Now I know there are enough sad articles and stories, but I want to say something too.
So I'm going through that phase where I can't take the 'study pressure' anymore. I mean I can, but I just don't want to anymore. I'm not on the verge or something but I just need someone to understand that I don't like this pressure thing. I don't deal nicely with pressure. I'm one of those shy ambiverts who just shouldn't be left alone with their thoughts.
I'm one of those kind hearted people that you can always trust. I'm not gonna be modest here cause it is definitely a trait people take advantage of. I once called a friend to know about the homework in class and I was like really late on homework but still I heard her voice crack and she wanted to end the call but I kept talking to her. The point is, I was there for here. And I truly was cause I had to stay up the night covering for the 1-2 hours on the call. Cut to, she only calls me for work and shit. Practically uses me. But that's okay with me cause it's the smallest of my concerns. And there are numerous such cases.
The thing is I cannot keep anything bad on my conscience.
I am a TRUE BELIEVER of the FACT that absolutely no human is selfless. I know you disagree but listen. All the good deeds people do is to keep their conscience clear like they don't wanna be the reason. They don't wanna not help when they can and feel guilty for that. I don't know how to explain this better.
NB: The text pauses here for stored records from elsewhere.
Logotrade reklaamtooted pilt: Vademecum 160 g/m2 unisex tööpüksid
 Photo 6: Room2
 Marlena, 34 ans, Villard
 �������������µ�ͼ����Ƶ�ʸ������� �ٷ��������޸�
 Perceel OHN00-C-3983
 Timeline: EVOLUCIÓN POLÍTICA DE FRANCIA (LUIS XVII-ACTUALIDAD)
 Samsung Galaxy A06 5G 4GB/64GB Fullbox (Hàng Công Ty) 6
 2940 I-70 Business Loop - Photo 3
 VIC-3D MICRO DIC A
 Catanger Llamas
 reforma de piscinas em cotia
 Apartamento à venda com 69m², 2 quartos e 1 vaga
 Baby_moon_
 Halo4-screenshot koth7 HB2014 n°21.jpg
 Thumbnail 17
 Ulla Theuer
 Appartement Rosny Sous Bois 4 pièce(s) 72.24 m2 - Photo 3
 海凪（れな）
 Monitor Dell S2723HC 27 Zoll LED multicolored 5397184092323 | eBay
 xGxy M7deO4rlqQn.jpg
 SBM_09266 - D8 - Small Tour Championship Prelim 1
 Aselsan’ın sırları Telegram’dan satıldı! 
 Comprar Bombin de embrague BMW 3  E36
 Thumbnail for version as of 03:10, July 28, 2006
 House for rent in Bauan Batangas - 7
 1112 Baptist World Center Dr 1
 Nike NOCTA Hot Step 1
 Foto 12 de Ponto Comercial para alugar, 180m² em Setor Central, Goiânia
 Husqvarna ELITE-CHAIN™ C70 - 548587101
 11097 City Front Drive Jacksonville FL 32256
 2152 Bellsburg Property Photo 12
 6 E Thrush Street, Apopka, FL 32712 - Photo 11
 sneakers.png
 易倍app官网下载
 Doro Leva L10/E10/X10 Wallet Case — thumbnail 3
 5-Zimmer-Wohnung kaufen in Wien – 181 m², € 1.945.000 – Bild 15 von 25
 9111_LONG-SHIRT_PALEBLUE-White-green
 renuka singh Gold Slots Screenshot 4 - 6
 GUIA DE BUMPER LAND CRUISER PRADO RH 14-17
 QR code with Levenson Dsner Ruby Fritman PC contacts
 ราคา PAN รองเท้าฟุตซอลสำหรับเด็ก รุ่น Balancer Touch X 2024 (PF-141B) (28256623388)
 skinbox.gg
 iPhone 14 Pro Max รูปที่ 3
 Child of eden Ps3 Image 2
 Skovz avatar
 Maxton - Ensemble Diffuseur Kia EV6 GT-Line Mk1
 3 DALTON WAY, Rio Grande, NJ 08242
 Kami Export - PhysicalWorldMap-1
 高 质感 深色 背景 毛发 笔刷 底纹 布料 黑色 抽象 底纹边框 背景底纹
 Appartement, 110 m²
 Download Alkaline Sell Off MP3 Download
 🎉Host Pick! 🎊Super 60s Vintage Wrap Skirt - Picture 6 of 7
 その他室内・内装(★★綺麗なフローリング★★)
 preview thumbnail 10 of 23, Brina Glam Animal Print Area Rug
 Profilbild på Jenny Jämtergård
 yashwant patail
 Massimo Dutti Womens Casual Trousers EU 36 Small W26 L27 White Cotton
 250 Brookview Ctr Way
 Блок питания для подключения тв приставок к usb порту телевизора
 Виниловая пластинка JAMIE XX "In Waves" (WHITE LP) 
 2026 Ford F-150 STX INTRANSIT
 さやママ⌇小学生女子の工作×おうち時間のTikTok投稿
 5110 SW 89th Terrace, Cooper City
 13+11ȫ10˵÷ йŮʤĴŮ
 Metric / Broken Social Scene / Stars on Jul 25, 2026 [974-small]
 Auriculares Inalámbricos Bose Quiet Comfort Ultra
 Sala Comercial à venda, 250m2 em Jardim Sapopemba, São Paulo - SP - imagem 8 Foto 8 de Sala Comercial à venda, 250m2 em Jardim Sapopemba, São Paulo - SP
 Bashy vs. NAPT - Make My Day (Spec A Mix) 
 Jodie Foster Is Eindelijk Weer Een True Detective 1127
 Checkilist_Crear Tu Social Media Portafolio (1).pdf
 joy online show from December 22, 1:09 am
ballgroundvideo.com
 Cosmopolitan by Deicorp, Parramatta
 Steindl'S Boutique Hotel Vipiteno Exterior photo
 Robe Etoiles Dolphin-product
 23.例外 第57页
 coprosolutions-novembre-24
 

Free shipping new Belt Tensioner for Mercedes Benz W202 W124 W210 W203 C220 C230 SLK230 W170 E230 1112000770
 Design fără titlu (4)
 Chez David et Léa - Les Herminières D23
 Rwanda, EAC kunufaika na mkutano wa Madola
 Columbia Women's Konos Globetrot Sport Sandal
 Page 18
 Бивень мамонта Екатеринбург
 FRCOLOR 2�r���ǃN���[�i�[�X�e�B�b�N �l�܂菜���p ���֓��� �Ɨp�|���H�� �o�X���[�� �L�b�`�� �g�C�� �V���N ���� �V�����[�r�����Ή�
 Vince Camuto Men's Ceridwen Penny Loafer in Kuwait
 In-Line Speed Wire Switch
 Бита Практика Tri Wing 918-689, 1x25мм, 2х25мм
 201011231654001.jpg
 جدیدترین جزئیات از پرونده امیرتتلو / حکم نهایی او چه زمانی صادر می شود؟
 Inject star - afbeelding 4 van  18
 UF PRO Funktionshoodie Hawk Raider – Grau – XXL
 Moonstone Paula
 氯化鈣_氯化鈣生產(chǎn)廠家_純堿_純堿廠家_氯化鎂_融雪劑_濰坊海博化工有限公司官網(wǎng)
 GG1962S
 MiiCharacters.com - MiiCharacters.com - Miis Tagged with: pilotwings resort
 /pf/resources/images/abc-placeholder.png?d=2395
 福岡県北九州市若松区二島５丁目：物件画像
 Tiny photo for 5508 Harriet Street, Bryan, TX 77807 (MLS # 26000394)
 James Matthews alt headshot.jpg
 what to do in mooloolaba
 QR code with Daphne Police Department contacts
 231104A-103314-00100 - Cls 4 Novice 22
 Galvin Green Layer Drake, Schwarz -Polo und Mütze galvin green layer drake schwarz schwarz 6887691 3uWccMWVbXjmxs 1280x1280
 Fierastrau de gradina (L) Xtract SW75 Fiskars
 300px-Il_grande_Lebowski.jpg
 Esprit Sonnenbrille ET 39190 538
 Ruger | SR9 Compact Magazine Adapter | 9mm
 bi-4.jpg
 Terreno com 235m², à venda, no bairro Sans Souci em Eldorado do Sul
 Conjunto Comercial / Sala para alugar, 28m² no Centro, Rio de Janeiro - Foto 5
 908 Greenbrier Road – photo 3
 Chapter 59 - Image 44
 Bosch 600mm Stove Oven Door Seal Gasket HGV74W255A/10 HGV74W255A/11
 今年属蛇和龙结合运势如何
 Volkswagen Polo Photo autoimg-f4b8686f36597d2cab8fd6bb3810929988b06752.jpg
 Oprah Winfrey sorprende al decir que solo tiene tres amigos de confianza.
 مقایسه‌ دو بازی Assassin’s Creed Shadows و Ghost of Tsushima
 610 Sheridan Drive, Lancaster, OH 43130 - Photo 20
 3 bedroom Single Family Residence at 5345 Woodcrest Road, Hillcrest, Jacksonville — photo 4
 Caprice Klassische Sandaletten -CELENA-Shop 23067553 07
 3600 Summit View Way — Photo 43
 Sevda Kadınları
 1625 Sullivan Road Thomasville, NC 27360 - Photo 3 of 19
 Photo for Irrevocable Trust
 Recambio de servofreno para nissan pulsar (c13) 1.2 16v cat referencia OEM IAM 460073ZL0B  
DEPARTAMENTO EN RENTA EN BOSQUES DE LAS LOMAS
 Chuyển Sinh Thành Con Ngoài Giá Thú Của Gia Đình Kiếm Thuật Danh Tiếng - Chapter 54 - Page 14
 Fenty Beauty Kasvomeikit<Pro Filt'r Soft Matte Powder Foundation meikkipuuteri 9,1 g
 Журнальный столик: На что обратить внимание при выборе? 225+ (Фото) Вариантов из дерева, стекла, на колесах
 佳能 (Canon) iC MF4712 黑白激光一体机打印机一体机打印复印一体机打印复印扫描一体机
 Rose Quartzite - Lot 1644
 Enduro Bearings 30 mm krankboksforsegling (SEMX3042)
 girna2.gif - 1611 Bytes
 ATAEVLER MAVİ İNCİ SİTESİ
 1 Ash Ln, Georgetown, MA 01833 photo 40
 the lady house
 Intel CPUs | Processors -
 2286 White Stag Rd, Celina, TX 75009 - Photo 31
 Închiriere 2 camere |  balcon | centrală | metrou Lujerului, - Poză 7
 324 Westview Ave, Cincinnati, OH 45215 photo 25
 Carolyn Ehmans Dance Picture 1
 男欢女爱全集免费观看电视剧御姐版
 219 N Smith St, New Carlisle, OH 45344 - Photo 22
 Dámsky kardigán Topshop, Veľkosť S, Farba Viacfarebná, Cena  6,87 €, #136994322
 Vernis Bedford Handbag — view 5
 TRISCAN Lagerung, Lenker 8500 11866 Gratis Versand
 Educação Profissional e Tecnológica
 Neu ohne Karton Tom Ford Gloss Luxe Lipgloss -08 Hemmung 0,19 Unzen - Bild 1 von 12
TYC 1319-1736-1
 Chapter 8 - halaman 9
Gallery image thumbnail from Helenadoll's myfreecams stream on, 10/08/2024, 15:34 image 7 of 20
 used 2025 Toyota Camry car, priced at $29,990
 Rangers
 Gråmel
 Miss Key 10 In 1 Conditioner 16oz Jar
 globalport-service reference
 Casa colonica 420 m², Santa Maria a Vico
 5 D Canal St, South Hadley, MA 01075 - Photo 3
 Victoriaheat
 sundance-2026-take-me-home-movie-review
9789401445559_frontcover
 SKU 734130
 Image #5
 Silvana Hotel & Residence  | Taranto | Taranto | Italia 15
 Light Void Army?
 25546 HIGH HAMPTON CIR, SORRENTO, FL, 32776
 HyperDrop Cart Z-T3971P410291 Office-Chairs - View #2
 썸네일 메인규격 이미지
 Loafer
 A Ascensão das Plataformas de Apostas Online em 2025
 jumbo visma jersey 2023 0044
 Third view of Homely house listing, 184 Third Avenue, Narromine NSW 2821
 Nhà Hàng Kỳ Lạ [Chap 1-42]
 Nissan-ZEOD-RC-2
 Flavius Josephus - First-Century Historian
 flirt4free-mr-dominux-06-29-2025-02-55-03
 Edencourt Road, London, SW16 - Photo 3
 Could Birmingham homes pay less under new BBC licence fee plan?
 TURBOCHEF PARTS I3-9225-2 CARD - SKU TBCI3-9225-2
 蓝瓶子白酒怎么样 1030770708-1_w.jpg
I am your average, 'mom thinks I'm the prettiest but the guys don't' girl. Self confidence does not exist. Cannot socialize with strangers. Denies to acknowledge people flirting with me cause why would they? The - I do love myself but I just don't.
I'm like the Schrödinger's cat, in the case where I can simultaneously love and not-love myself until put in a situation/seen. I can be intimidated so freaking easily, it's sad.
Awkward. Caring. Kind. Loyal. Shy. Nerd(if you don't know me). Fun( when you get to know me). Sarcastic. Good 2AM person to call. Helpful. Cute(personality wise). Wanderlust. Modest. ( this post doesn't prove so but I don't compliment myself unless it's in humour). Smart. Lacking self confidence. Cheerful.
These are some things about myself that people would say. This is me. And I'm really trying to love myself. Just sometimes, my thoughts get the better of me.